What’s worse is that, looking ahead, analysts have ratcheted down their forecasts. Asia, excluding Japan, continues to jog along at a respectable, but slower, 6 percent-plus rate of GDP expansion. Latin America is moving along at a 3.5 percent to 4 percent clip.
And there’s a growing realization that China’s economy, the second largest in the world, can’t sustain the pace of the past. Chinese banks are trying to unwind the credit boom that was created as a result of the country’s own policy response to the global financial crisis.
6. This cyclical bull market is long in duration. We are now almost 54 months from the stock-market low set in March 2009. Over the past six decades, the average bull market has lasted 43 months, with the longest capped at 60 months. And those took place during times of prosperity and innovation; today’s structural obstacles didn’t exist.
Moreover, the intermediate leg of the cyclical bull market, which began in November 2012, has already recorded a 30 percent advance in only eight months.

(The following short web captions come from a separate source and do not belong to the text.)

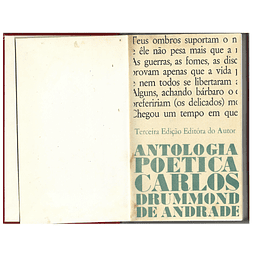 CARLOS DRUMOND ANDRADE: ANTOLOGIA POÉTICA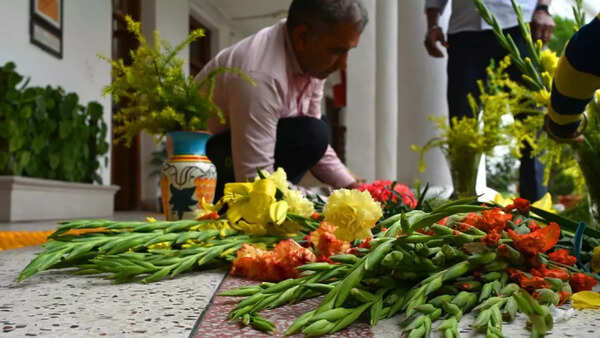 floral bloom at Delhi assembly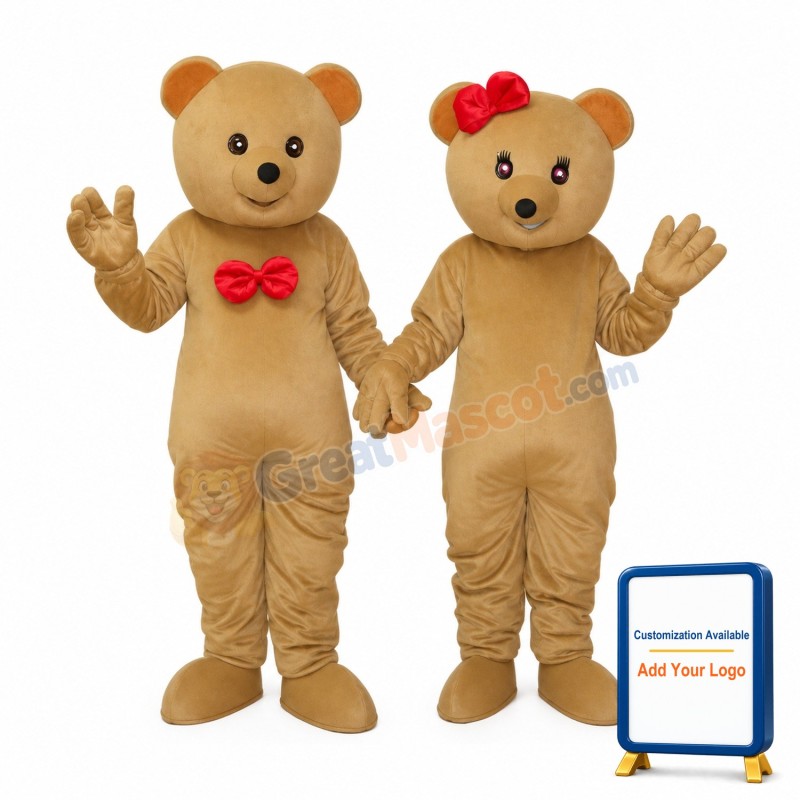 Teddy Bear Mascot Adult Costume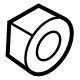 Toyota 90170-A0009 Outer Tie Rod Adjust Nut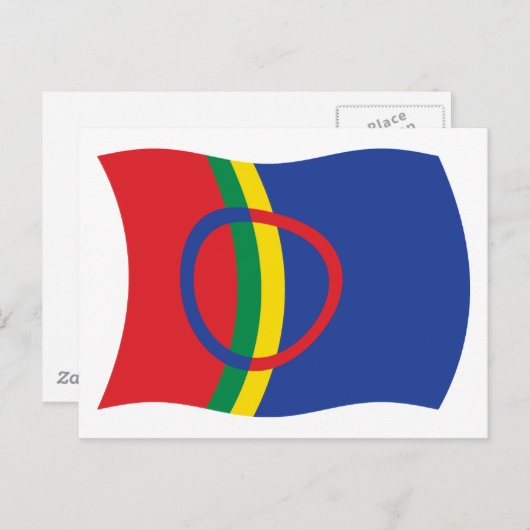 Sami People Flag Postkarte (Vorne/Hinten)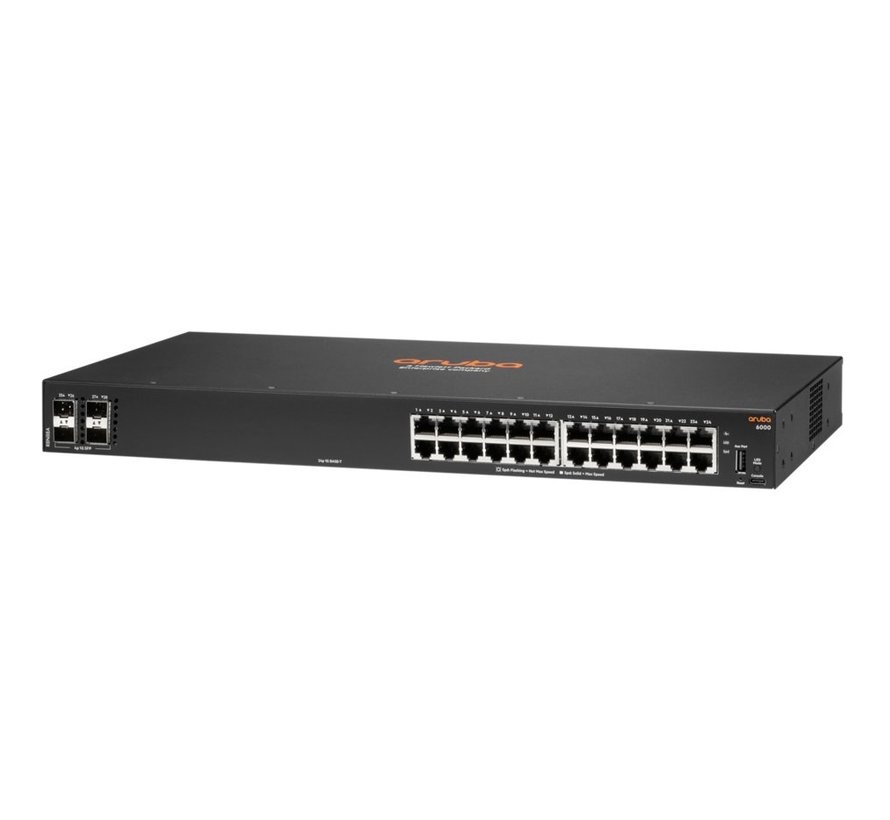Enterprise Aruba 6000 24G 4SFP | Managed L3 Switch | Gigabit Ethernet (10/100/1000) | 1U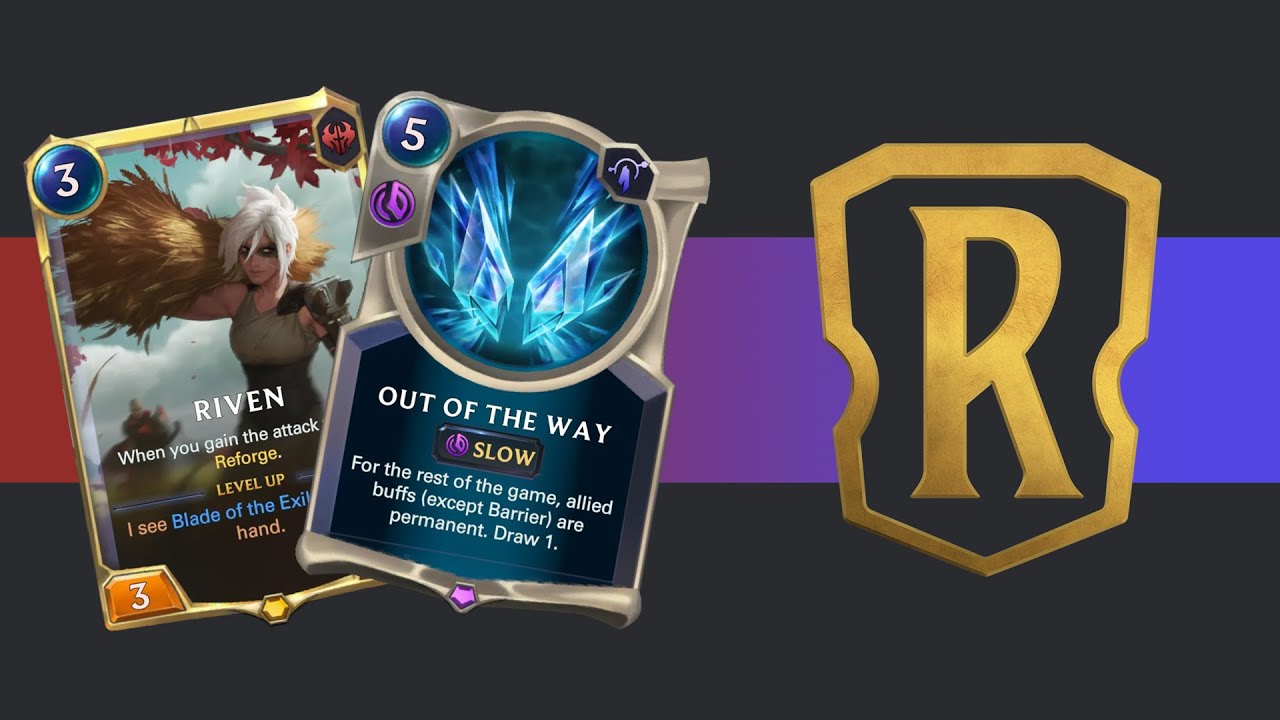 Out of the Way Riven | Legends of Runeterra - YouTube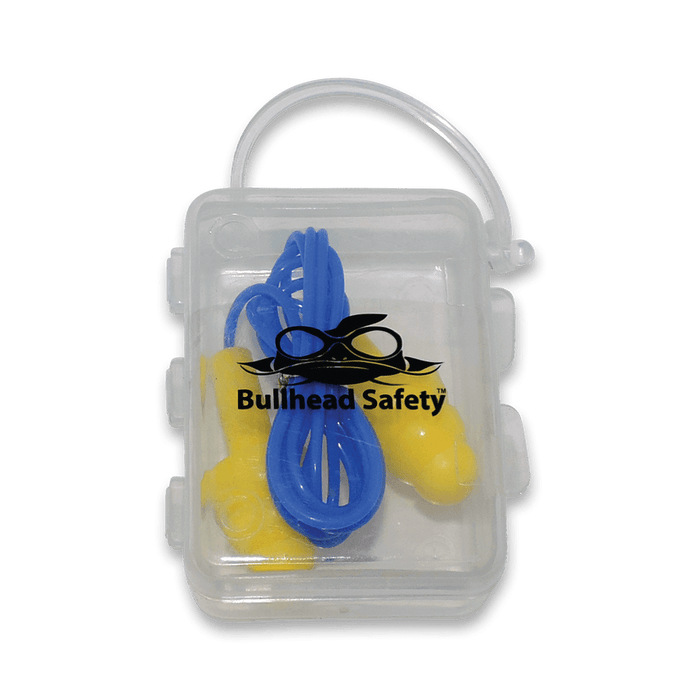 Bullhead Safety HP-S2 Corded, Reuasable Silicone Earplugs with Carry Case, NRR (Noise Reduction Rating) 23 Decibels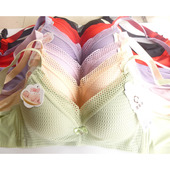 捷曼诗777婴儿棉中厚款 四排扣无钢圈女聚拢内衣透气文胸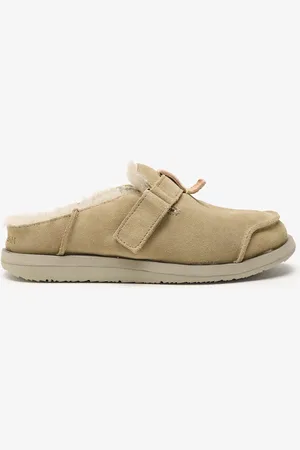 Satorisan Uwabaki Clog Strap Suede | Driftwood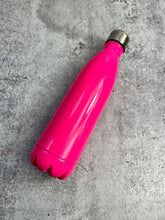 Load image into Gallery viewer, CLEARANCE - Pink Powder Coated Stainless Steel water bottle, 17 oz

7. Valuations are stretched. Since I expect only 2 percent growth in S&P 500 earnings for 2013 and 2014, any additional stock-price gains are almost exclusively dependent on improving valuations. But that’s unlikely, given today’s deep structural global economic problems, the disequilibrium in the U.S. job market and deleveraging.
Consider what’s called the Shiller P/E ratio. In his 2000 book Irrational Exuberance, Yale University economics professor Robert Shiller claimed to have developed a better version of the standard price-to-earnings ratio. His timing couldn’t have been better. The Shiller P/E ratio was at an all-time high in 1999-2000, a clear signal of overvaluation and a reason to sell. Today, the professor’s valuation work says stocks are, again, overvalued. At the end of July, Shiller’s ratio was 23.8, the highest since 2008.
I don’t expect a major stock-market correction, which I would define as a drop of 25 percent or more. But I do anticipate that at some point between now and Thanksgiving, equities will have fallen 10 percent to 15 percent.
That’s why I would recommend you keep cash handy. You’ll be able to do some bargain shopping in the global equity markets later this year.